*** Data to process ***

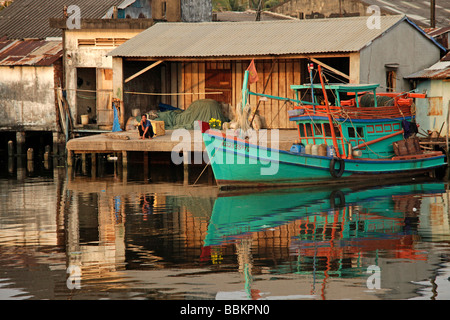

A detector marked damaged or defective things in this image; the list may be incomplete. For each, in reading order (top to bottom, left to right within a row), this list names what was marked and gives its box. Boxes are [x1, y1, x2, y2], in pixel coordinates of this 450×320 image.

rusty metal roof [0, 38, 62, 66]
rusty metal roof [108, 15, 436, 58]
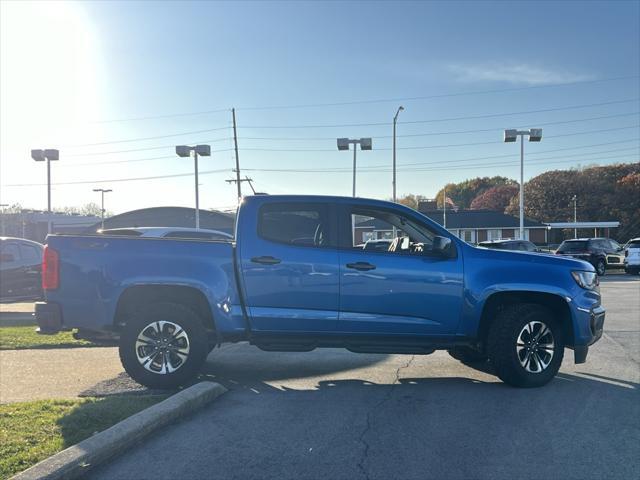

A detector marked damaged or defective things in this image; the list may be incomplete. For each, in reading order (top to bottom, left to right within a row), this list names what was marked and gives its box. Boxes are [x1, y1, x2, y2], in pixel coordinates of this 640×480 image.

crack in asphalt [356, 354, 416, 478]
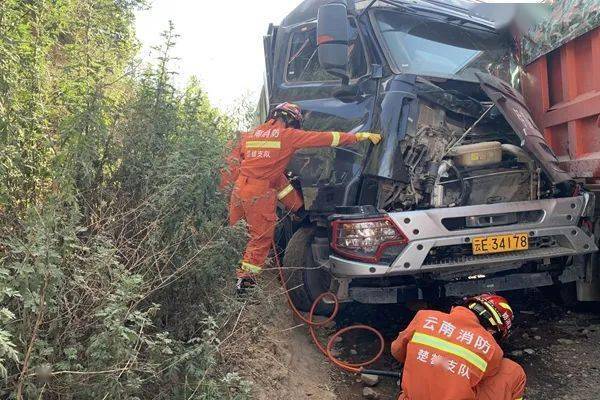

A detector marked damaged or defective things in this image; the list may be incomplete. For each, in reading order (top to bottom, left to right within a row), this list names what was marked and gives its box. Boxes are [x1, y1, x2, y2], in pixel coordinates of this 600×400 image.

damaged truck [262, 0, 600, 310]
shattered windshield [376, 10, 510, 81]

***

__Exercise directions__: Only the lines from the one with "this 600×400 image." through the final line above belong in the answer, each reproduced word for word.

__Result__:
A detector marked damaged or defective things in this image; the list may be incomplete. For each, in reading order (top to bottom, left to right within a row), this list names what was marked and gives its box. Boxes are [x1, y1, x2, y2], in pixel coordinates of this 600×400 image.

damaged truck [262, 0, 600, 310]
shattered windshield [376, 10, 510, 81]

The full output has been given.